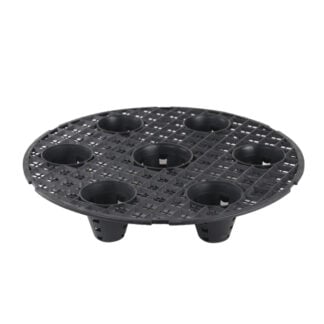 GROW1 Pot Elevator 16in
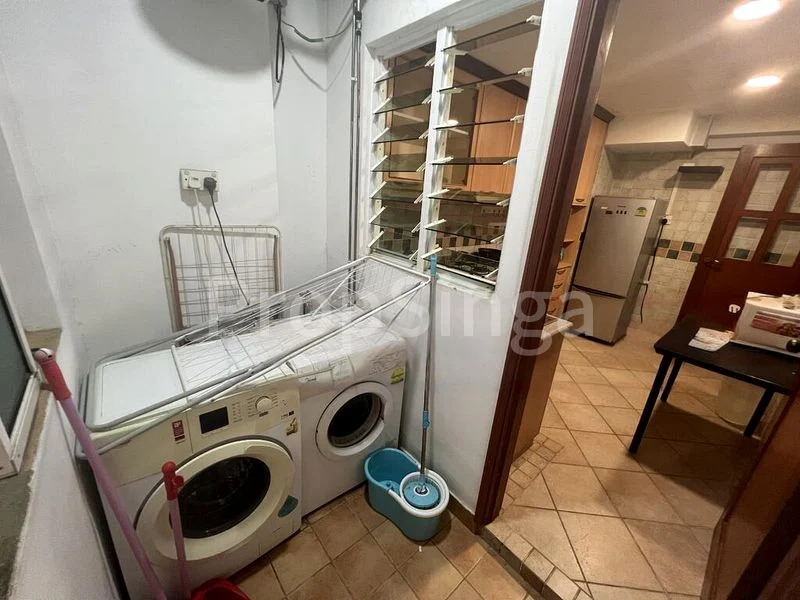 Common Room (Condo) for Rent in  Emerald Garden - Image 10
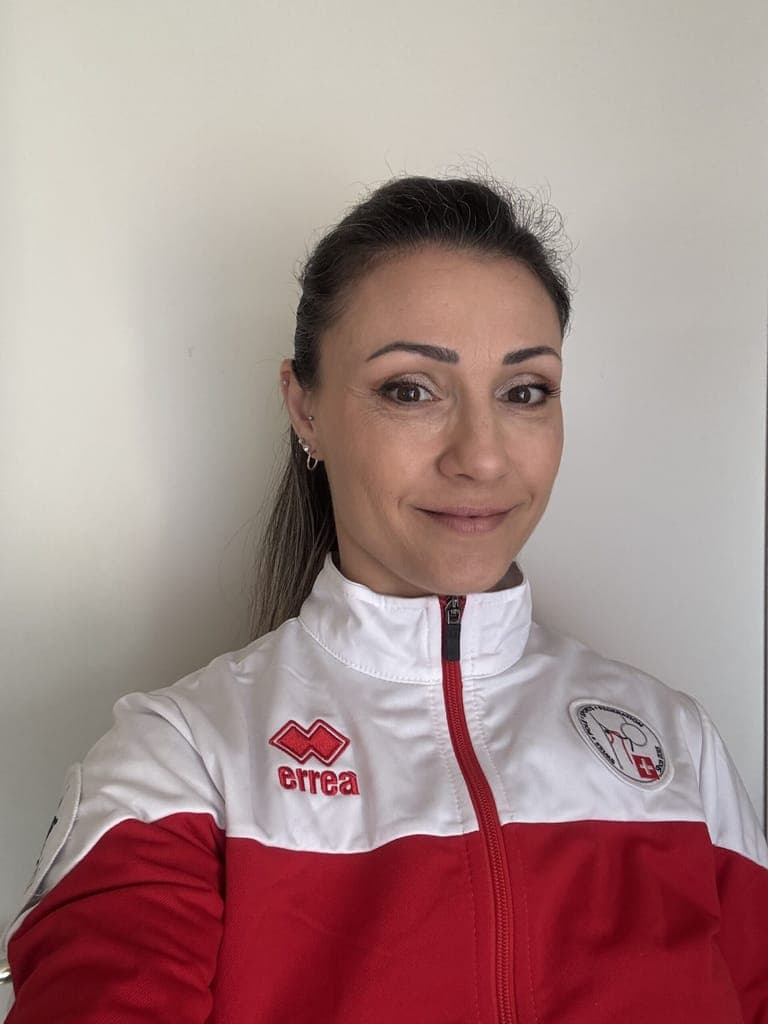 Ivana Kostadinova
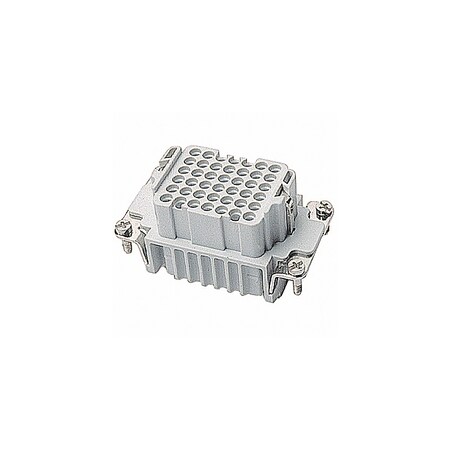 Abb 10A, INSERT, FEMALE, DD42, CRIMP FC142DD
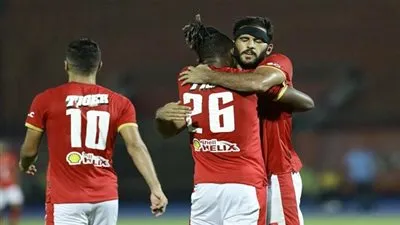 أبو مسلم: الأهلي تأثر بغياب لاعبيه المتواجدين بالأوليمبياد 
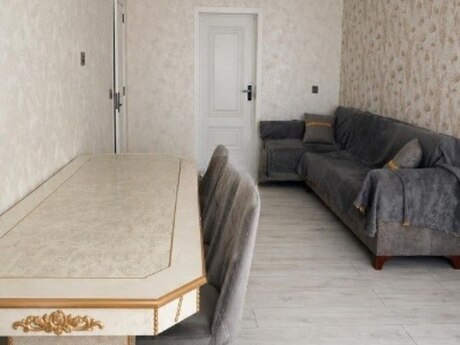 Аренда: 2-комнатная квартира, 60 м², Gənclik: 800 ₼/мес 2
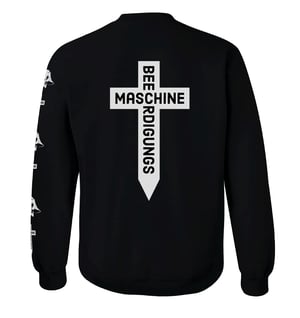 Image of Longsleeve "Endstrand"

★ ★ ★

EXERCISE DIRECTIONS
Find the line with "Ivana Kostadinova". Return it and each line after it through the end of the data, exactly, without pictures.

EXERCISE RESULT
 Ivana Kostadinova
 Abb 10A, INSERT, FEMALE, DD42, CRIMP FC142DD
 أبو مسلم: الأهلي تأثر بغياب لاعبيه المتواجدين بالأوليمبياد 
 Аренда: 2-комнатная квартира, 60 м², Gənclik: 800 ₼/мес 2
 Image of Longsleeve "Endstrand"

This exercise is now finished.